Probably when I was 29-30. I had just quit my full-time NYC office job to move with my hubby to Atlanta where his next work project would be. It was just the two of us and our dog. No family commitments. We had enough money to not worry about bills. Our 2nd wedding anniversary was spent sitting on the balcony of our apartment with a bottle of wine...drinking, talking, laughing. Happiness.

Also would be when my sons were born in 2001 and 2004.


----------



## HackBauer (Aug 15, 2011)

There were two periods in my life where all symptoms of my SAD suddenly dissapeared. One was when I had made my first good group of friends for the first time in my life. I fit in for the first time in my life and was living it good.
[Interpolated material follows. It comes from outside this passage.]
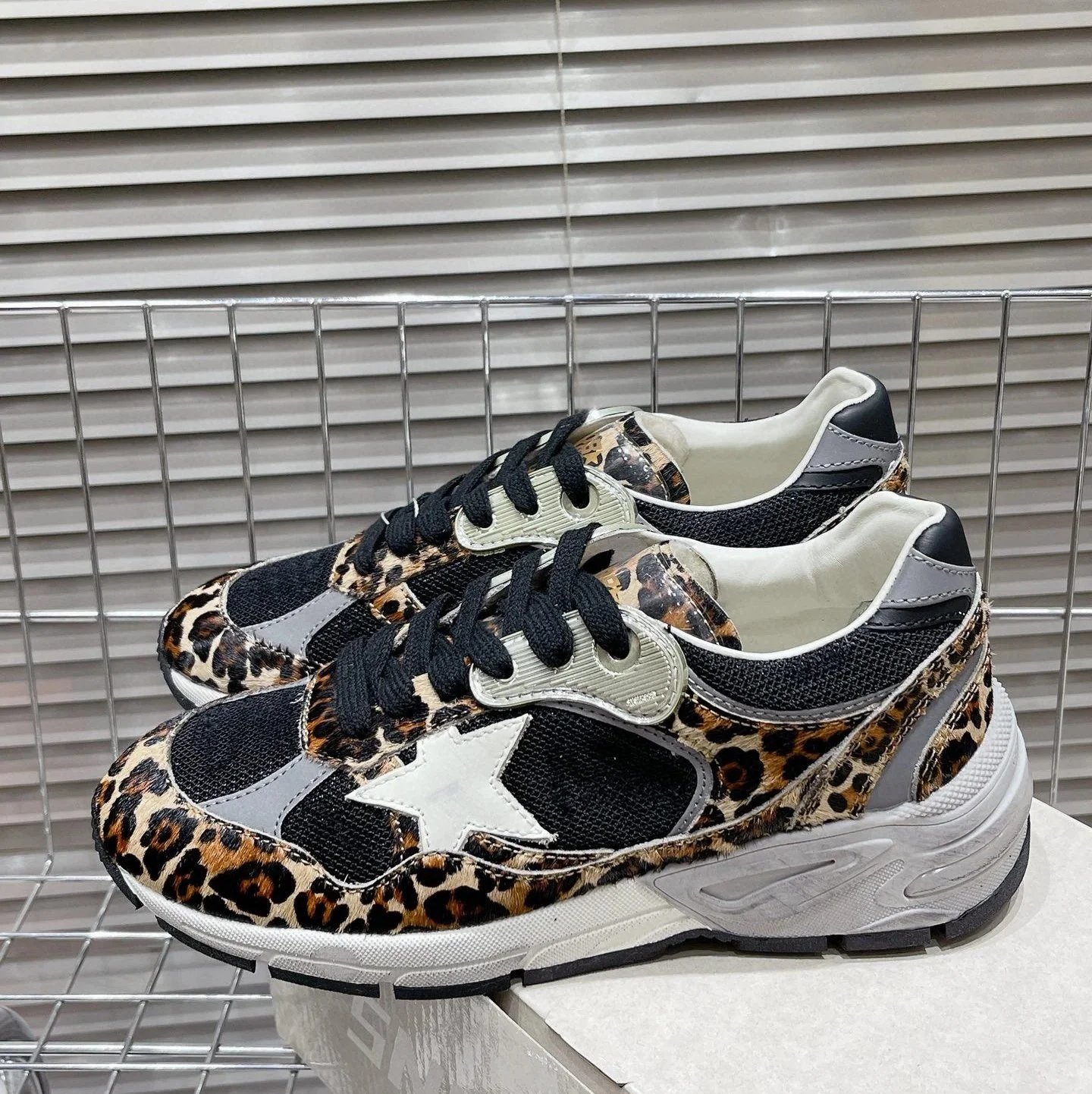 Golden Goose Sneakers Super-Star distressed star — Style 6 (Custom-made, no returns or exchanges)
Moved a year later and reverted back to all the typical SAD symptoms shortly after.

Another period was when I was going to enlist in the military, spent 3 years working at it and getting qualified. Was on cloud 9 so to speak. Night I was supposed to leave for Basic a string of events led me to have an anxiety attack and not leave. Needless to say almost overnight I went back to my old ways.
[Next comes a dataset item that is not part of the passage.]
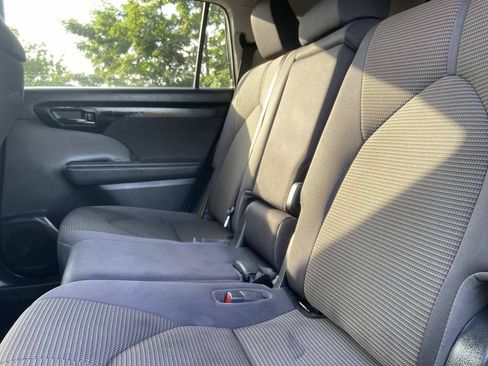 Used 2023 Toyota Highlander LE FWD image 16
Gives me hope that I can stomp this out entirely as I age and become more matur


----------



## Veritastar (Aug 16, 2011)

High school, and I think the present is pretty nice as well.


----------



## CaffeineAddict (Aug 6, 2011)

August 2008 through about September 2009 was the greatest time period of my life. A lot of joy and happiness during that time compared to the disastrous stress-augmenting months that followed.
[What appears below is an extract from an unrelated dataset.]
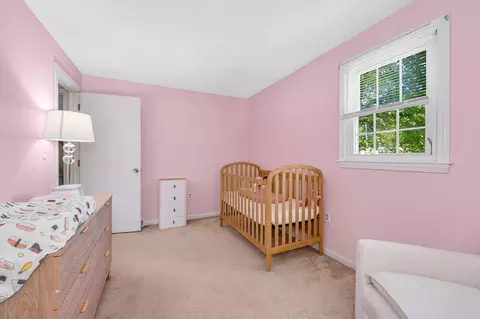 Bedroom - 7 Hickory Dr, Townsend, MA 01469 photo 5 of 8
Everything was clicking. At the time, my girlfriend was the absolute greatest in the world, and I felt limitless. I was in the best shape physically, mentally and emotionally and felt as if I could accomplish anything in the world.

I'd be lying if I said that I don't often toss and turn in my sleep, pining for the 'good ol' days' to return. I *will* return to that 'limitless' mindset. I just have to get everything else in order first. Still recovering from the deep bullsh*t depression that mired me from October 2009 through, basically, this year.

Would love to go back to August '08-September '09, though!


----------



## Paul (Sep 26, 2005)

2006 through the present has been the least bad period. Plenty of fairly unpleasant times in there but at least it was kind of interesting bad, and mixed with lots of mediocre and mildly good times. Can't think of any strongly good periods, but I guess I'm the kind of person who doesn't do things strongly anyway.


----------



## CWe (Mar 7, 2010)

When i was a young kid and before all this mess happened to me, pre 2004


----------



## Kiwong (Aug 6, 2010)

0-12

45-49


----------



## Tugwahquah (Apr 13, 2011)

The best time of my life was after my sons father cheated on me and beat me up. It was 18 years ago. I ranaway with our newly born son to a tiny little town in the middle of nowhere for three years. The those years I lived in a country house. The rent was only $50, and a dozen or so Chow chows to keep fed and watered for the dog breeders just accross the border. We raised chickens, 4 goats, several rabbits and cats. I lived on welfare and stayed home raising my baby and animals, Its the only time of my adult life I didnt have to work. It was still a job though. One ill cherish for my ever.


----------



## Jenchu (Dec 12, 2010)

When I graduated high school That school was horrible. I was so happy to get out.


----------



## Hallucinating Zebra (Jul 4, 2011)

...


----------



## Matomi (Sep 4, 2011)

I can't remember...


----------



## Noca (Jun 24, 2005)

I'm not a woman, I don't get periods Lol


----------



## buckeyefan1 (May 10, 2011)

I would have to echo childhood as being best time of my life. Of course, years later, you learn in therapy that all your current problems can be traced back to childhood, but I was largely ignorant of the negative influences in my life at the time and that ignorance was great.


----------



## Wacky Wednesdays (Apr 10, 2011)

High school was good fun,and my family were great to live with but I loved uni 2008-2010, best years of my life so far - learning, drinking, partying, friends, not working & so much time on my hands, *sleeping in*


----------



## caramellow (Sep 13, 2011)

College was awesome, because it was in such sharp contrast to the hell of high school. (I'm definitely one of the people who would never, EVER repeat high school.)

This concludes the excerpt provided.